Sejarah DI/TII di Sulawesi Selatan
Novel ini juga menarik dengan ditambahkannya unsur sejarah. Dalam Novel
Tiba Sebelum Berangkat juga disisipkan unsur sejarah tentang Sulawesi Selatan
yang menjelaskan bagaimana bissu beserta generasinya dihabisi oleh kejadian
sejarah DI/TII karena pertentangan agama yang terjadi di era 1950an.Bissu mengalami
prahara yang memorak-porandakan seluruh pranata kebissu-annya.
Ini ditandai pada masa pemberontakan DI/TII tahun 1950-an, gerombolan
pimpinan Kahar Muzakkar melancarkan operasi penumpasan bissu yang
disebut dengan operasi toba (operasi taubat) yang gencar terjadi pada
tahun 1966. Perlengkapan upacara ritual bissu dibakar atau
ditenggelamkan ke laut dan tidak sedikit bissu maupun sanro (dukun)
dibunuh. Karena keberadaannya yang ambivalen, bissu dianggap tidak
menerima sunnatullah, karena secara fisik mereka adalah laki-laki tapi
penampilan seperti perempuan (tranvestities). Juga dianggap menyimpang
dari agama.
Tentang judulnya, menurut interpretasi saya
Saya belum pernah bertemu langsung dengan penulisnya.
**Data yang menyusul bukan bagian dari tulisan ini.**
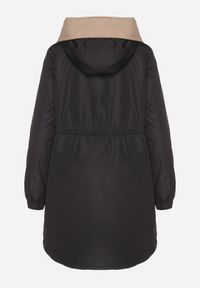 Born2be - Czarna Kurtka Parka z Kapturem i Ściągaczem w Pasie Sizana. Okazja: na co dzień, na spacer. Typ kołnierza: kaptur. Kolor: czarny. Materiał: jeans. Styl: klasyczny, elegancki, casual #5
Hanya melalui
sosial media saja. Faisal Oddang sendiri adalah penulis yang bagi saya begitu
progressif di dunia sastra dan perlu kita slikidikin, eh selidiki. Dia adalah
penulis muda berbakat. Tahun 2018 karyanya masuk dalam pilihan Kusala Sastra
Khatulistiwa dan juga sempat mengikuti residensi penulis ke Iowa, Amerika
Serikat. Nah bicara judulnya, ini saya menerka dan coba menghubungkannya.
Menurut saya sendiri, judul ini diambil dari apa yang masyarakat Bugis
percaya terhadap bissu. Begini, bagi masyarakat Bugis, setiap bissu diyakini
memiliki kemampuan untuk melakukan kontak dengan masa lalu dan juga masa depan.
Dengan bahasa tersendiri, atau basa to rilangi(kalau orang di sana
bilangnya), bissu mampu berkomunikasi dengan para leluhurnya dari zaman
baheula hingga ke masa depan. Bahkan dia dianggap bisa meramalkan masa depan.
Atas dasar itulah saya menyimpulkan kenapa penulisnya memberi judul Tiba
Sebelum Berangkat. Ibarat kata, tubuh kasarnya di sini, pikirannya sudah mekeber
melingser alias sudah kemana mana.
————————–
Secara keseluruhan, konten novel ini begitu menarik buat saya. Soal
sosial, politik, budaya dan sejarah lengkap tercermin dalam karya Oddang ini. Bulan
lalu kita sudah bahas non fiksi dan sekarang kita sudah bahas fiksi (meskipun
sebagian ceritanya fakta hehe).
Berarti bulan depan aku akan menulis ulasan non fiksi lagi, bagaimana
kalau bahas The Gay Archipelago? Mumpung masih membicarakan homoseks dan
gender? Atau ada usulan lain? Komen di facebook fanspage Tatkala! [T]
Sumber:
Catatan:
Artikel ini ditulis oleh JULI SASTRAWAN, pengajar, penggiat literasi, sastrawan kw 5,
pustakawan di komunitas Literasi Anak Bangsa (Admin)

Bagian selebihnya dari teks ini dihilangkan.